■ **REQUIRED WORK**
Find "Des hommes politiques" below and begin at its line; stop after the line with "205 E Bencamp St — Photo 11". Output those lines exactly, without pictures.

■ **DATA FOR THE TASK**
※

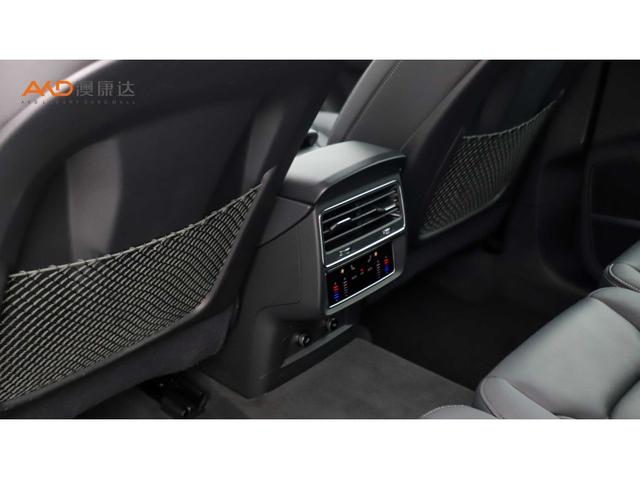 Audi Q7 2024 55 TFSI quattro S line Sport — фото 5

※

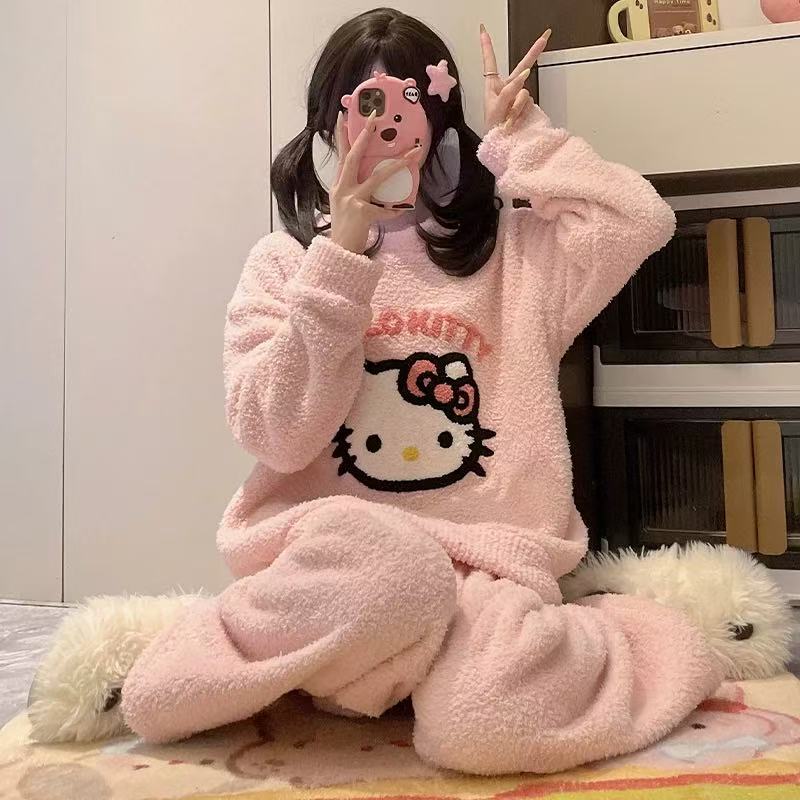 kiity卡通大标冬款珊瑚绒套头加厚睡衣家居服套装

※

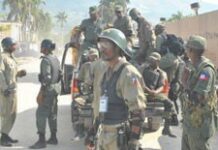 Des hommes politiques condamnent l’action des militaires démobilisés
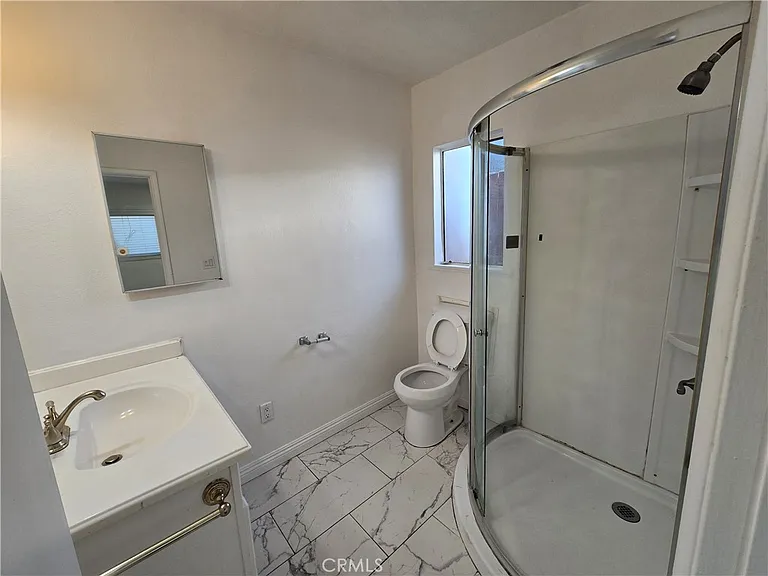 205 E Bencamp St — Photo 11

※

■ **OUTPUT FOR THIS TASK**
 Des hommes politiques condamnent l’action des militaires démobilisés
 205 E Bencamp St — Photo 11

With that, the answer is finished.